The new 802.11n standard "will put pervasive mobility on the fast track," Burton analyst Paul DeBeasi said Tuesday.
"IT professionals should start thinking now about how they will deploy, maintain and benefit from an all-wireless LAN."
In the report, DeBeasi claimed that 802.11n would make serious inroads into wired Ethernet's market within 24 to 36 months.
DeBeasi listed several reasons for the switch to 802.11n, including growing numbers of laptop users, increased use of mobile applications and the deployment of voice over Internet Protocol, or VoIP.

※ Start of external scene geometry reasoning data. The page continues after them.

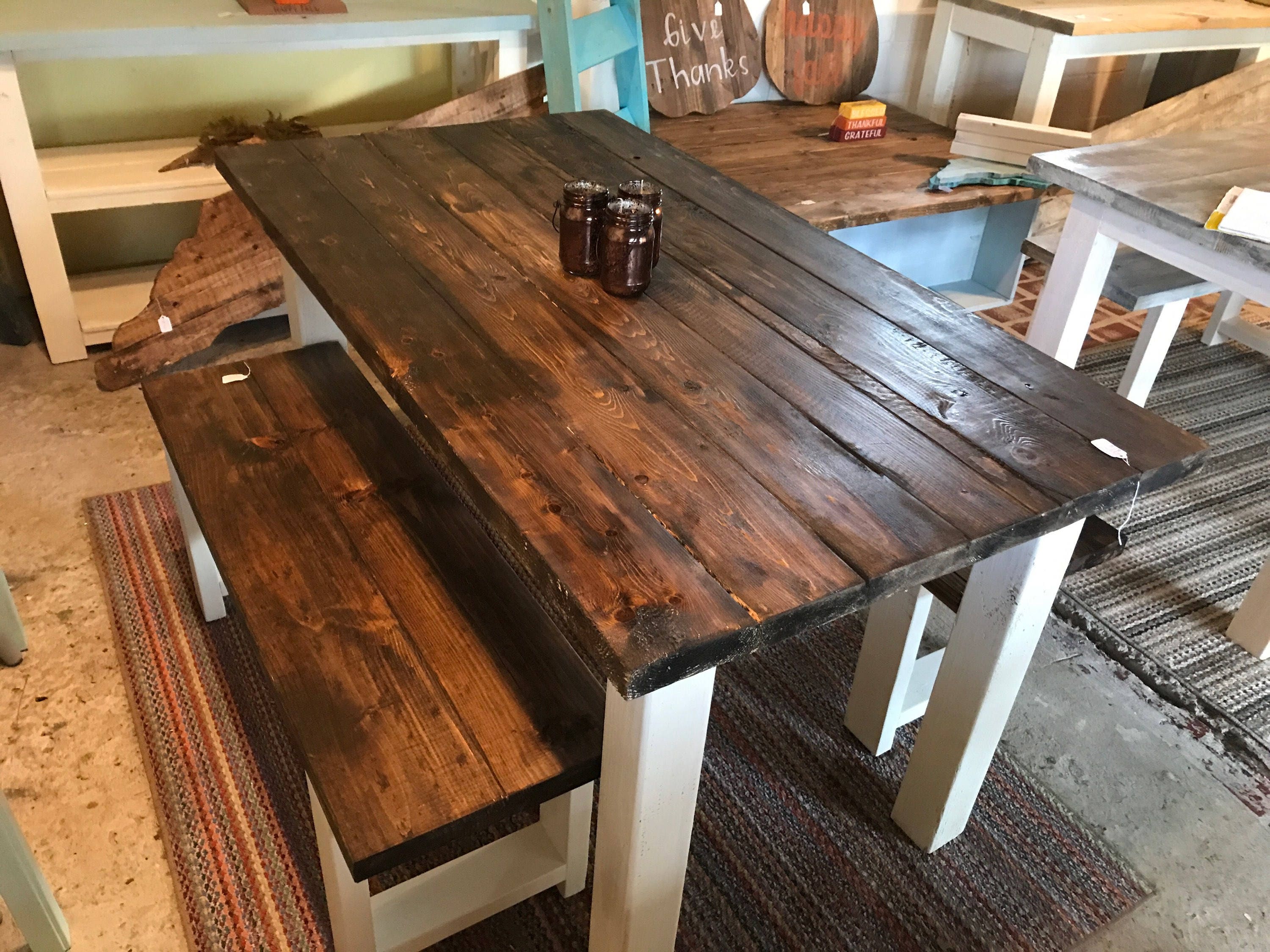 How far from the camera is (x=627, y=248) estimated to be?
1427 mm

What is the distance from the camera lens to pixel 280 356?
1842 mm

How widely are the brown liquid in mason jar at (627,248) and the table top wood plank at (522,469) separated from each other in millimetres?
236

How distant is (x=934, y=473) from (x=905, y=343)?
1.05 feet

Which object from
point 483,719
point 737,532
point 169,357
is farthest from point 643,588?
point 169,357

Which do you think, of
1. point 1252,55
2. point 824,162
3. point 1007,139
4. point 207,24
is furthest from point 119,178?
point 1252,55

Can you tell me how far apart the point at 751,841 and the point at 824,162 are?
1.92 m

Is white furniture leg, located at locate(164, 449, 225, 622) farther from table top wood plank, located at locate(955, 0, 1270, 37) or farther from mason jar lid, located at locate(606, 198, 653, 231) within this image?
table top wood plank, located at locate(955, 0, 1270, 37)

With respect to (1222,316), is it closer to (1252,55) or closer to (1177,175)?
(1252,55)

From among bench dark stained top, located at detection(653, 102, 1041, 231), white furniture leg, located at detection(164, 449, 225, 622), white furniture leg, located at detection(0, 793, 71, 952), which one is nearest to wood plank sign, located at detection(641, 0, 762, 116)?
bench dark stained top, located at detection(653, 102, 1041, 231)

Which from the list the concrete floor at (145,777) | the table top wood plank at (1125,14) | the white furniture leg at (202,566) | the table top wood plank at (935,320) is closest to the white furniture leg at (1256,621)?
the concrete floor at (145,777)

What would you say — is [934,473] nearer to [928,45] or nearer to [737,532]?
[737,532]

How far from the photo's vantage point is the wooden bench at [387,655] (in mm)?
1086

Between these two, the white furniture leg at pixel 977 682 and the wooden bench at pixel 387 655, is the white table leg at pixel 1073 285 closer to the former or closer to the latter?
the white furniture leg at pixel 977 682

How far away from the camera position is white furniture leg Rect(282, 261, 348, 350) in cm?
186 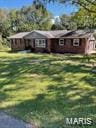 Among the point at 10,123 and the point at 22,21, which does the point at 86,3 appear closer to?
the point at 10,123

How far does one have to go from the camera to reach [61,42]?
107ft

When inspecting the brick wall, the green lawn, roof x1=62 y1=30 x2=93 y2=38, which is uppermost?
roof x1=62 y1=30 x2=93 y2=38

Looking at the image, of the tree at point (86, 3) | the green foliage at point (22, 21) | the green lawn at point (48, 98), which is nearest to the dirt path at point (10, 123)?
the green lawn at point (48, 98)

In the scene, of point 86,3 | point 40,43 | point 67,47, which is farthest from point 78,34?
point 86,3

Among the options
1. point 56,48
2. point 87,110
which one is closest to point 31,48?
point 56,48

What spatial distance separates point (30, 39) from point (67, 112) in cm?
2892


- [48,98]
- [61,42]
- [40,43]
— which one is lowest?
[48,98]

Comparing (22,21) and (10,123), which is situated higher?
(22,21)

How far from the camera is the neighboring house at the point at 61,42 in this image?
30.8 meters

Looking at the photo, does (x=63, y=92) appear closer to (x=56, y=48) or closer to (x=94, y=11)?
(x=94, y=11)

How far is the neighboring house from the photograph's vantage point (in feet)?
101

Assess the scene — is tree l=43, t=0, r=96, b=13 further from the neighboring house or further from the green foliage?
the green foliage

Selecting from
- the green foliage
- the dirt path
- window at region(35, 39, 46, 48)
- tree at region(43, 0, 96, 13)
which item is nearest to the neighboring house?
window at region(35, 39, 46, 48)

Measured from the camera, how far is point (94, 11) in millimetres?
23797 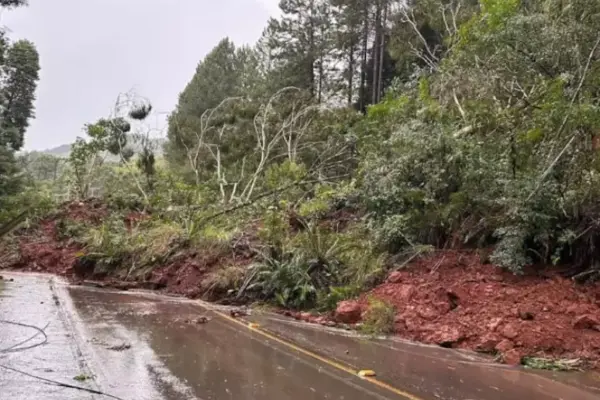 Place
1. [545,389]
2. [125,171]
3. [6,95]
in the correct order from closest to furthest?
[545,389] < [125,171] < [6,95]

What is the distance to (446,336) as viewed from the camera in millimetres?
8547

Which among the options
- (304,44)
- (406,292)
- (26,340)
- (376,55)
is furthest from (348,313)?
(304,44)

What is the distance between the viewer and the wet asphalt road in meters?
5.65

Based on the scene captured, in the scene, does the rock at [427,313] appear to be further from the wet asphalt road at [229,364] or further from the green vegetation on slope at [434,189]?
the wet asphalt road at [229,364]

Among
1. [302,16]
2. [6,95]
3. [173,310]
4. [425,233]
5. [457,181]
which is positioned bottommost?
[173,310]

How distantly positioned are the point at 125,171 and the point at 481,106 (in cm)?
1669

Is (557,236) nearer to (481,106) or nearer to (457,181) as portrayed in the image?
(457,181)

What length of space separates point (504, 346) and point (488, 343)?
0.94 feet

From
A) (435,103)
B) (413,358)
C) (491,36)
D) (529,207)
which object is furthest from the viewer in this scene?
(435,103)

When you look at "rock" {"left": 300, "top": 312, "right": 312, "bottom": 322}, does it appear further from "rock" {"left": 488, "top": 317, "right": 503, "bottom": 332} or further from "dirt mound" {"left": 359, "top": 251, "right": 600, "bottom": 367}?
"rock" {"left": 488, "top": 317, "right": 503, "bottom": 332}

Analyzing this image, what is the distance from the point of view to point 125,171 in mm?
24062

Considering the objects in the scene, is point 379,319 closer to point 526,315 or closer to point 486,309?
point 486,309

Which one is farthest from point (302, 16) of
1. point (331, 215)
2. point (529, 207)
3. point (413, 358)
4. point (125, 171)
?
point (413, 358)

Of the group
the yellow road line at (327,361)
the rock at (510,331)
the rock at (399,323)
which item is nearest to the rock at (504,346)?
the rock at (510,331) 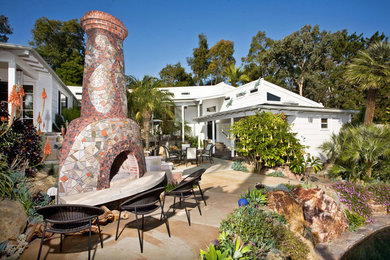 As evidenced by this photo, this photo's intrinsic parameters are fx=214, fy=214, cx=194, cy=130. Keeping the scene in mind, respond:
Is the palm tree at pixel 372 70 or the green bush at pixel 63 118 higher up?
the palm tree at pixel 372 70

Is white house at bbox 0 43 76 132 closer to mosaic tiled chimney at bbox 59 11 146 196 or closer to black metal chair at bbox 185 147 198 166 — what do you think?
mosaic tiled chimney at bbox 59 11 146 196

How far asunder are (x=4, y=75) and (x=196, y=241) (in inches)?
473

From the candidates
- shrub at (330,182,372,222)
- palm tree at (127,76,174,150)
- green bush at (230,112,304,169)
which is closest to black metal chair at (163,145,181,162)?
palm tree at (127,76,174,150)

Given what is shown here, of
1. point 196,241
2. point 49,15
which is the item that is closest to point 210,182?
point 196,241

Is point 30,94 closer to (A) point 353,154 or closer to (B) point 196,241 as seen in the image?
(B) point 196,241

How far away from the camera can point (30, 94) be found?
1077 centimetres

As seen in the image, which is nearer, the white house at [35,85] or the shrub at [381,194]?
the shrub at [381,194]

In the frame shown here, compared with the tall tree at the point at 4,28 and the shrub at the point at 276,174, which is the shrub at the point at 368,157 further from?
the tall tree at the point at 4,28

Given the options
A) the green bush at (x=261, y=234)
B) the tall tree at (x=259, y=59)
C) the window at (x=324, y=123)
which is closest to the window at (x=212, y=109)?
the window at (x=324, y=123)

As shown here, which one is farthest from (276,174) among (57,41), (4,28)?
(4,28)

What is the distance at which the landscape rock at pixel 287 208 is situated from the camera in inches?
173

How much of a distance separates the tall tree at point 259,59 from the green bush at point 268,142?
23347 millimetres

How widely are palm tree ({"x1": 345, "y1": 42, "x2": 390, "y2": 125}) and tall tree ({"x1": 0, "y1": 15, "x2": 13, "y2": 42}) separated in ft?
130

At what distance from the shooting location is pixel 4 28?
95.6ft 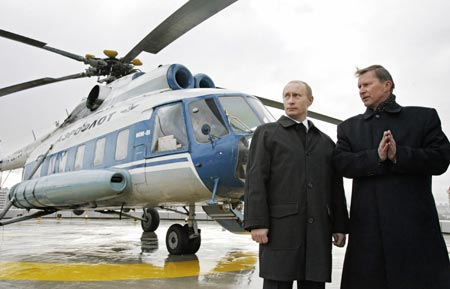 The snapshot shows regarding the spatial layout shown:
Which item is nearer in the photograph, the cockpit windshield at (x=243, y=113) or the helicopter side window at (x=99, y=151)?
the cockpit windshield at (x=243, y=113)

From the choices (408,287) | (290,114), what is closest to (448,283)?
(408,287)

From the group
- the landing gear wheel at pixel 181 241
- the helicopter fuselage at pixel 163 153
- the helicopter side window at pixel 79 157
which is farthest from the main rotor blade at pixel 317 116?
the helicopter side window at pixel 79 157

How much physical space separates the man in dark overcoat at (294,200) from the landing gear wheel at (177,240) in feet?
16.7

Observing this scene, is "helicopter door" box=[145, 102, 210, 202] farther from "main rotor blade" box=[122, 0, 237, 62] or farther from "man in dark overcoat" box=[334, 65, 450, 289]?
"man in dark overcoat" box=[334, 65, 450, 289]

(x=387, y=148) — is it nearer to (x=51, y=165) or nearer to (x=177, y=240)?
(x=177, y=240)

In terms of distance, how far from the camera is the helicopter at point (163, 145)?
225 inches

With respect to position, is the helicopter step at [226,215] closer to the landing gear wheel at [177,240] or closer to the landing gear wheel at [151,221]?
the landing gear wheel at [177,240]

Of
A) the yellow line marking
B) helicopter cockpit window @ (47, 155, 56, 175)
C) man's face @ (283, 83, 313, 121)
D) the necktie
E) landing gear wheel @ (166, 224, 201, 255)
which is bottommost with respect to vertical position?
the yellow line marking

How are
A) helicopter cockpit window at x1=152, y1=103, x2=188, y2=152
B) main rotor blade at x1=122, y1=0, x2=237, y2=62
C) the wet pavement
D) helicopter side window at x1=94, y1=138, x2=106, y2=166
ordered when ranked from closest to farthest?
the wet pavement
main rotor blade at x1=122, y1=0, x2=237, y2=62
helicopter cockpit window at x1=152, y1=103, x2=188, y2=152
helicopter side window at x1=94, y1=138, x2=106, y2=166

He also suggested that users consider the switch, if they found "fast Ethernet"--the current widely deployed standard, as opposed to the new gigabit Ethernet standard--to offer sufficient throughput for their needs. Fast Ethernet offers a theoretical maximum throughput of 100 megabits per second, while 802.11n offers a maximum of 248Mbps.
"One can analyze the differences between 802.11n and Ethernet with regard to performance, security, manageability, cost and impact on staff," DeBeasi said. "However, the definitive and unalterable competitive advantage that 802.11n has over Ethernet is pervasive mobility."
DeBeasi added that, while recent advances in radio design, security and wireless management would soon make 802.11n the preferred LAN access technology, wired Ethernet would continue to be necessary in switch trunks and data center networks for many years to come.
The new version of 802.11n promises higher throughput, and better range and bandwidth, than its predecessors. However, the standard's ratification has been a controversial affair, with final approval by the Institute of Electrical and Electronics Engineers (IEEE) poised to come as late as 2009.
As a result of that delay, the Wi-Fi Alliance, the nonprofit formed to certify interoperability between Wi-Fi products, began certifying equipment conforming to the draft standard earlier this year in a bid to give customers, particularly those in the consumer sector, some confidence in the interoperability of various vendors' 802.11n devices.
David Meyer of ZDNet UK reported from London.